# Simulation vs Production Mode

OpenEnv has two related but different ideas of "mode":

- **Simulation mode** is for training, evaluation, and any workflow where the orchestrator controls episode boundaries.
- **Production mode** is for exposing tools directly to clients over MCP without the training loop controlling `reset()`, `step()`, or `state()`.
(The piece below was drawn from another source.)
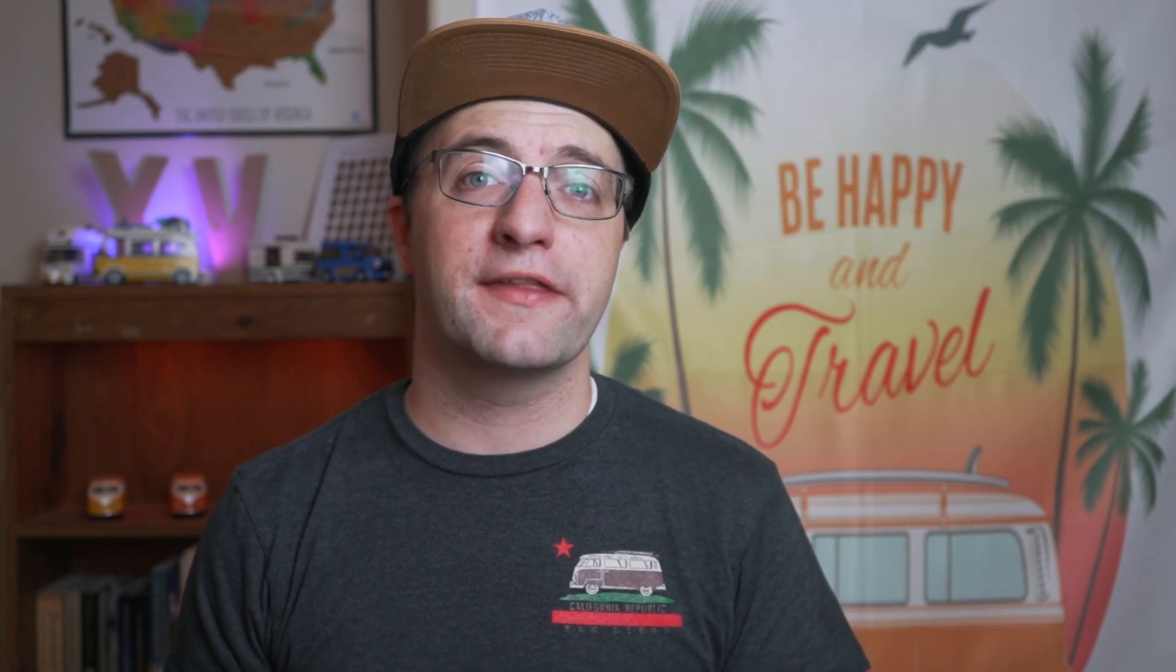If you're interested in taking that entire course and learning the ins and outs as a beginner in Affinity Publisher on the iPad, make sure that you check the link in the description below.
This guide explains when to use each mode and how they interact with MCP tools.

## The Short Version

Use **simulation mode** when you need:

- `reset()`, `step()`, and `state()`
- rewards and `done` signals
- one action per step in a controlled trajectory
- training or evaluation loops

Use **production mode** when you need:

- direct MCP tool access
- no simulation control routes
- an agent or client talking to tools as a live service
- the environment to get out of the way and expose the tool interface directly

## Why OpenEnv Has Two Modes

This split follows the core OpenEnv design principles:

- training and evaluation need a controlled step loop
- production integrations need direct tool access
- the same environment should support both without inventing separate environment implementations

In practice, simulation mode models **trajectory time** and production mode models **service time**.

## Simulation Mode

Simulation mode is the default environment-control model.

In simulation mode, the orchestrator owns the episode:

1. Call `reset()` to start an episode.
2. Call `step()` for each action.
3. Read `reward`, `done`, and `state()` as part of the rollout.

For environments with MCP tools, the canonical simulation-mode pattern is still `step()`.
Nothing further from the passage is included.